Word XML clarified a bit
2005-08-25
Brian Jones of Microsoft has continued our conversation on Word to XML in the comments on his blog. I am very pleased to be having this discussion, and I'm pleased that Brian is willing to follow-up on some of the points I raised. I have pulled a few quotes from his response.
The first point is that our main scenarios weren't about turning Word into an XML editor.
That's reassuring, because that would have been a disaster, but I'm not sure that it's clear to most people just what the Word/XML story is.
And this:
There is a huge market that exists today for custom Office solutions. People customize the Office applications in all kinds of ways to try to get more out of their documents. By adding the support for custom defined schemas, we made it much easier to build semi-structured solutions on top of Word. Rather than rely on hacks with styles or bookmarks, folks could create a simple schema and add some XML tags into their existing document solutions.

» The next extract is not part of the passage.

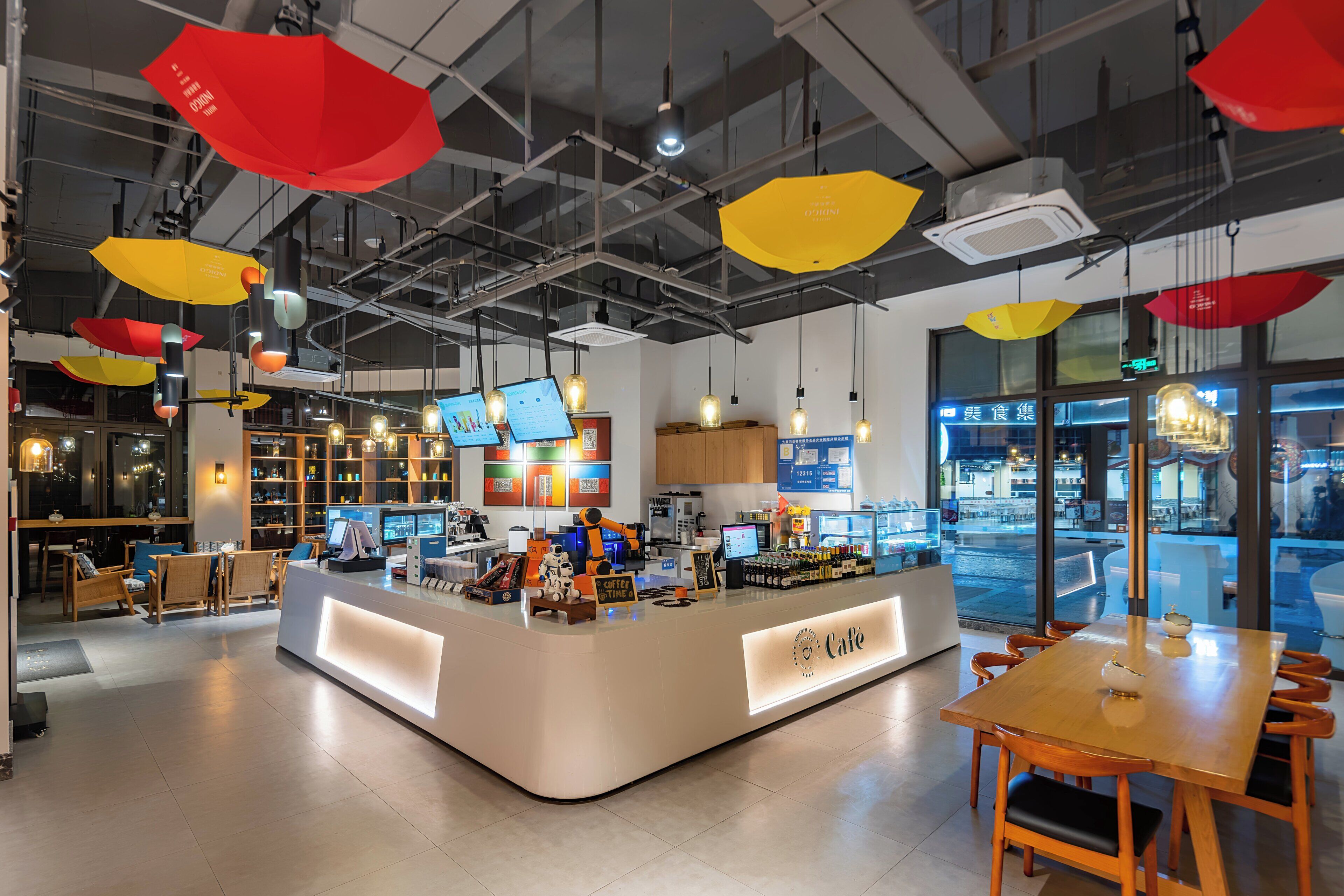 A modern cafe interior with a central counter, seating area, and hanging pendant lights.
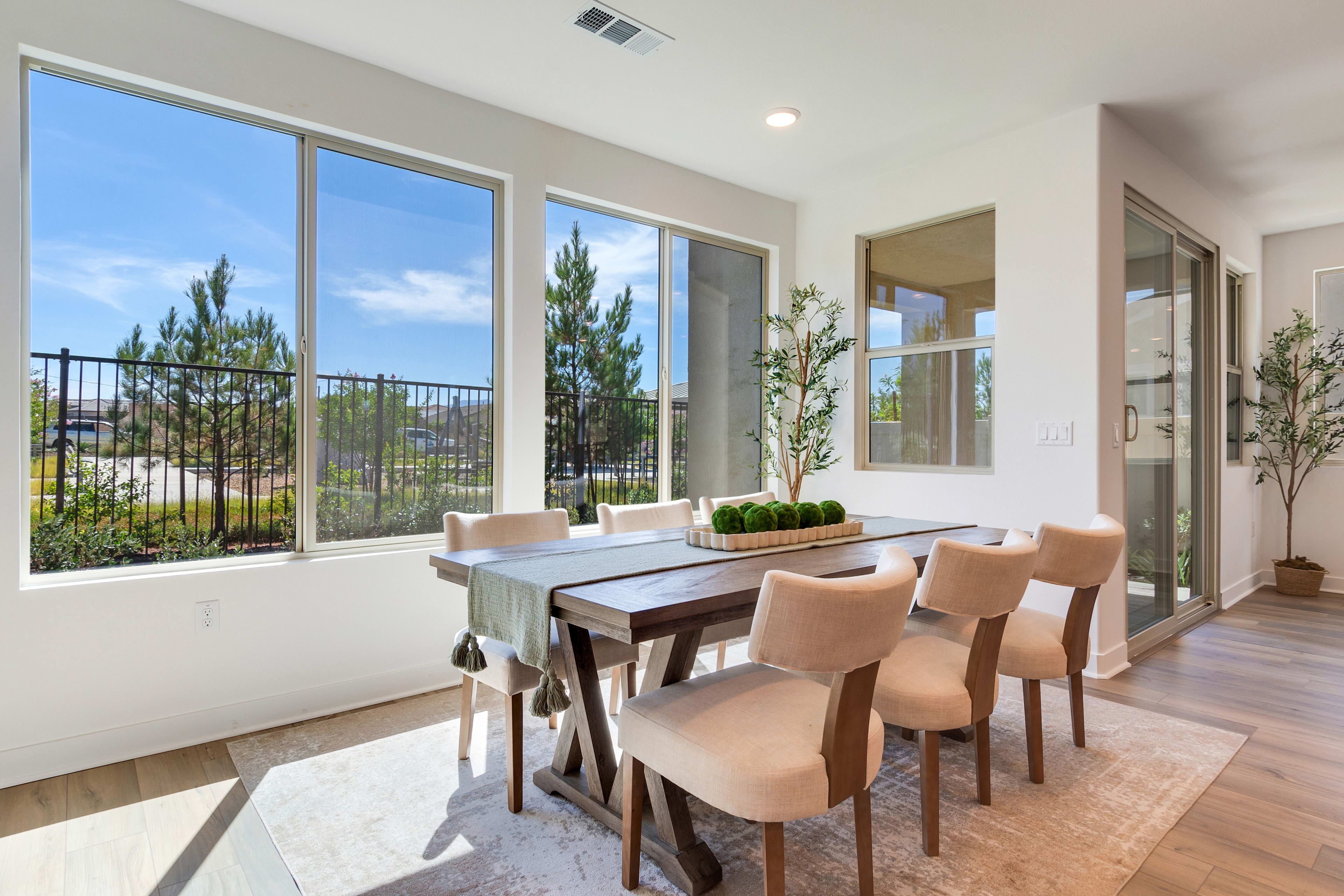 A modern and spacious dining room with large windows overlooking a scenic outdoor landscape featuring pine trees and a clear sky.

There certainly is a big market for custom Office solutions. Personally, I wonder how much the worst end of this kind of development costs business. It's easy to build great apps, but also pretty easy to waste a lot of time and produce ongoing maintenance headaches that last for years. MS Office based developments is one of the biggest time-sinks I've ever found, with some very serious deployment issues. Distributing and maintaining templates is a nightmare! But in fairness OpenOffice.org is much worse than MS Office in the template department.
And I don't think of styles as hacks - like classes in HTML I think they are a good, accessible way to add domain specific semantics on top of a standard publishing system. Flexible, well implemented, easy to deal with for both users and programmers. What's not to like? use styles, that's what I say. If Microsoft wanted to they could ship Word with a standard stylesheet that mapped to XHTML with no problem and add an XHTML export, and offer advice about how to extend the stylesheet to make a 'custom Office Solution'. I'd be happy to help with that.
And finally, Brian offers to follow up on a couple my issues:
I think the points you raise are great, and there are a couple of things I'll try to follow-up on. I'll try to see if we have any good XSLTs for mapping our lists into XHTML lists. I'll also try to get a more complete description of the goals behind our XML support in Office.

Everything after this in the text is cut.